In gradient descent on a quadratic problem,
$$\min _{x \in \mathbb{R}^n}\frac12 \langle Hx, x \rangle + \langle b, x \rangle + c \qquad H \text{ symmetric, positive semi-definite}\quad b \in \operatorname{Range}(H)$$
the condition number of the Hessian, $\kappa(H)$, is related to the convergence rate via $\frac{\kappa - 1}{\kappa + 1}$. Suppose $H$ is singular and positive semi-definite. Then $\kappa(H)$, depending on the definition of $\kappa$, might be infinite. But I think in this case I should be concerned only with $\tilde{\kappa}(H) = \frac{\lambda_1(H)}{\lambda_k(H)}$, where $\lambda_k$ is the largest non-zero eigenvalue of $A$. ($k = \operatorname{Rank}(H)$). And I shouldn't worry about the nullspace of $H$.
My logic is: since $b \in \operatorname{Range}(A) = \operatorname{Nullspace}(A)^\perp$, I can really treat this problem as optimization in $\operatorname{Range}(A) \subset \mathbb{R}^n$, where $A|_{\operatorname{Range}(A)}$ is nonsingular, right? Because no component of $x_k - x_{k-1}$ along $\operatorname{Nullspace}(A)$ will either affect the objective function nor will it ever show up in the gradient $Ax + b \in \operatorname{Range}(A)$, so it should never show up in gradient descent in the first place (when we're dealing with a quadratic with a min)?
Now suppose I'm right about the above. Suppose we're in a more complicated problem (say a machine learning problem), and we're looking at $\kappa(H)$ (which now depends on $x$) as a signal for how bad our optimization problem is. (We hope it indicates whether we'll encounter narrow valleys, etc.) Why might or might not I be justified in considering the $\tilde{\kappa}(H)$ as opposed to $\kappa(H)$, when the latter is possibly infinite?
Some ideas:
- In a general optimization problem, it's impossible to tell from merely local information whether we're justified in ignoring a certain subspace in our gradient search for an optimum.

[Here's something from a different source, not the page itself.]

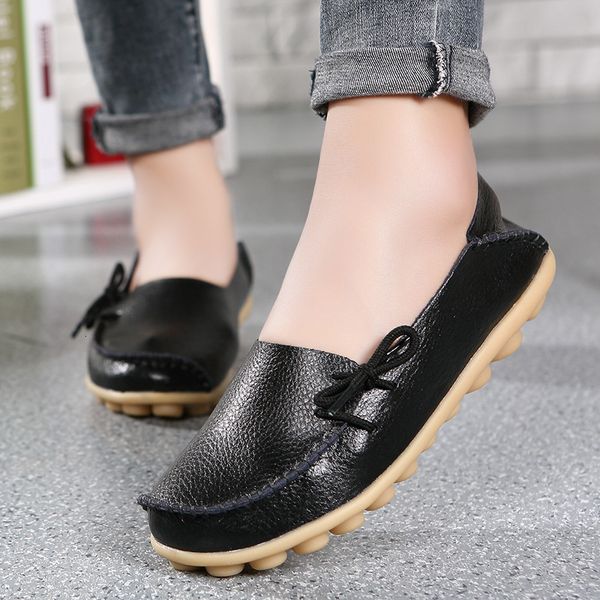 

dress shoes women sneakers summer casual solid colors comfort flats slipon shallow fashion footwear loafers zapatos de mujer 230407, Black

- In practice, we'll be dealing with computer error and inexact quantities, so there really isn't much difference between problems where $H$ is non-invertible, and problems where it is very poorly conditioned.
- Some algorithms such as BFGS require the Hessian to be invertible to come up with their next step, so this is a problem.
What other considerations might I want to be aware of?